The population of Puerto Rico is currently about the same as in the 1970s; however, the Fiscal Plan points out that Puerto Rico is now “much poorer relative to” the United States as a whole than it was in the 1970s.

The Board announced their intention to continue to analyze the data “as it becomes available” to see how it will affect financial plans.

Governor’s response

Gov. Pedro Pierluisi said the census results should not be a surprise to anyone. In fact, he said, the news is better than expected. “Everybody knew about this drop in Puerto Rico’s population,” the governor said. “In fact, the reduction was expected to be greater than what the Census reported.”

Pierluisi pointed out that Puerto Rico is receiving and expecting more federal funding than in previous years. He mentioned the release of federal disaster funding, increased funding in federal programs where Puerto Rico has experienced inequality, and extending both the child tax and Earned Income Tax credits to Puerto Rico.

“All of these measures the federal government is taking will help improve the quality of life in Puerto Rico in the future. I envision us not losing population at the level we have had in this decade from 2010 to 2020 and that we can hold the population steady or increase it,” said Pierluisi.

2 thoughts on “New Census Data Show Population Drop in Puerto Rico”

  1. If the Governor REALLY wants to help the people of P.R., he needs to stop taking money out of their pocket for things like an unrealistic sales tax, (10.5% for the Commonwealth, 1% for the different cities), high tolls on the Interstate system, purchasing “stamps” for virtually everything needed from the government. I challenge the distribution of the sales taxes. I would like to see a spread sheet showing the uses for these sales taxes AND tolls, especially the 1% for the different cities since they have the right to charge a tax on EVERYTHING you buy.

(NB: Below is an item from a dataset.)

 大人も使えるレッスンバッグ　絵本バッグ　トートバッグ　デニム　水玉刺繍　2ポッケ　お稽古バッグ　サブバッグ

  2. Maybe the P.R. and U.S. governments should make more of an effort to bring and keep companies, with jobs, to the island that will keep the younger people on the island instead of promoting more “give me” programs that do nothing to improve the reason for the younger people to stay. In my opinion, in this day of technology, there is no reason that companies can’t expand to the island since most items sold in the U.S. are manufactured in different parts of the world.